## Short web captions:
___

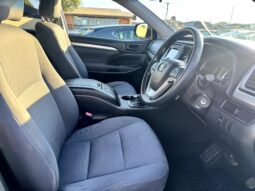 
										2015 Toyota KLUGER GX (4×2) GSU50R Wagon 7 Seater 6Cyl 3.5L full									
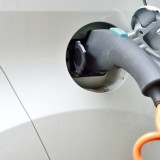 A tomada para carregar carros elétricos pode ser instalada no lugar de estacionamento?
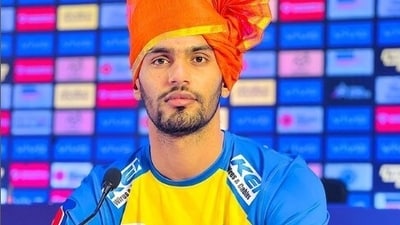 Sagar Rathee, known for his exceptional skills, strategic acumen, and sportsmanship, brings a wealth of experience to lead the Tamil Thalaivas. Sagar Rathee, known for his exceptional skills, strategic acumen, and sportsmanship, brings a wealth of experience to lead the Tamil Thalaivas.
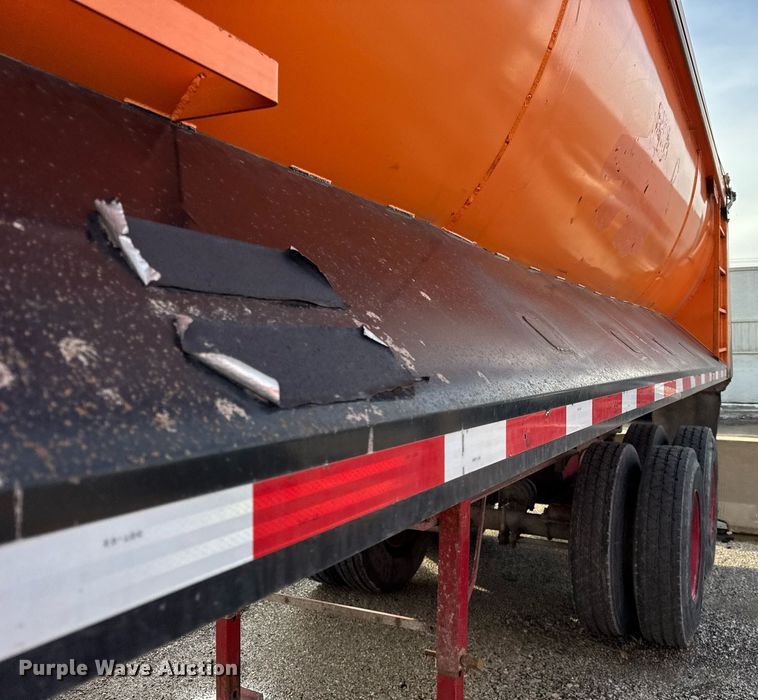 image for item DU3398 1989 Palmer  end dump trailer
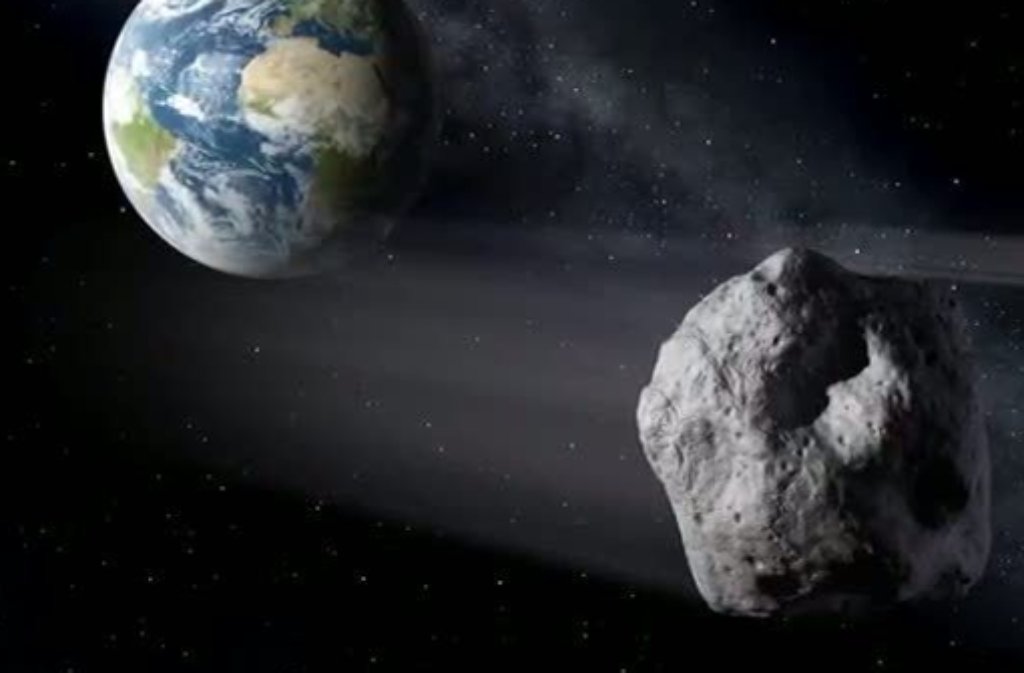 Asteroid  2012 DA14 : Am 15. Februar 2013 flog er knapp 28 000 Kilometer an der Erde  vorbei und kreuzte dabei  die Bahn von   Kommunikations- und Erdbeobachtungssatelliten.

___

## Exercise prompt:
Each entry above should be returned exactly as written, minus its pictures.

## Answer:
										2015 Toyota KLUGER GX (4×2) GSU50R Wagon 7 Seater 6Cyl 3.5L full									
 A tomada para carregar carros elétricos pode ser instalada no lugar de estacionamento?
 Sagar Rathee, known for his exceptional skills, strategic acumen, and sportsmanship, brings a wealth of experience to lead the Tamil Thalaivas. Sagar Rathee, known for his exceptional skills, strategic acumen, and sportsmanship, brings a wealth of experience to lead the Tamil Thalaivas.
 image for item DU3398 1989 Palmer  end dump trailer
 Asteroid  2012 DA14 : Am 15. Februar 2013 flog er knapp 28 000 Kilometer an der Erde  vorbei und kreuzte dabei  die Bahn von   Kommunikations- und Erdbeobachtungssatelliten.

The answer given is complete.